Fearless Apocalypse
It doesn’t take a prophet or a genius to see that the world is on a collision course with something out there. That everything can’t continue at this speed indefinitely. It’s a scary realization, and when we get scared, we start looking for something certain on which to stand. Which means I’ve been getting questions again on whether we are in the end times, whether the scriptures that describe them are true and when they will play out.
Short answer: I don’t know.
Longer answer: no one can possibly know, no matter their years of study or absolute certainty. Jesus tells us flat out that no one knows the day or hour when such end times will occur—not the angels in heaven, nor the Son, but the Father alone.
Couldn’t be more blunt, but Jesus gives a clue here that can help us make sense of apocalyptic passages. Fear drives us to imagine certainty, some illusion of control, missing that the purpose of these passages is not what—the certainty we crave—but how to live in uncertain times. Prophetic books tell us how to live to avert disaster; apocalyptic books tell us how to live after the disaster has occurred with continued hope and faith.
When Jesus says the Father alone knows, that he will not drink another cup of wine until he returns, that he goes to prepare a place for us and promises to return with the blast of a trumpet, his way lit by the lamps of heaven to snatch us and lift us up to his Father’s house—he is using images from the Hebrew wedding tradition to show us how to live in uncertain times.

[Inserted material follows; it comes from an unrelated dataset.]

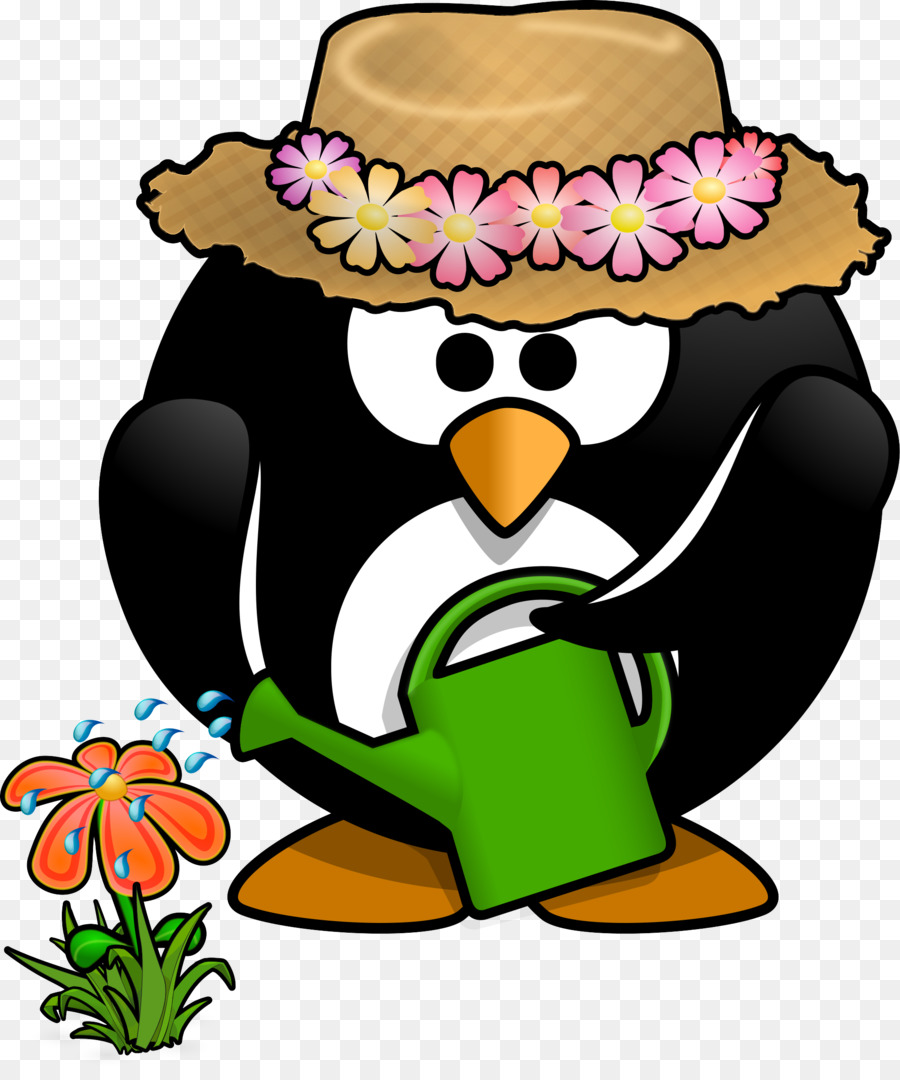 Pinguim，Regador PNG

A Hebrew bride must live the year or more between her betrothal and consummation anticipating being carried away at any moment to her new life while relishing every moment of the only life she has ever known.
Both Israel and the church have always seen themselves as brides of God—all human history and each individual life lived between betrothal at birth and consummation at death, between heaven and earth, now and not yet. We can’t know when or what, and that terrifies us, but we have been given how. How to live without fear.
It’s all we can know with certainty, but with trust it’s all we need.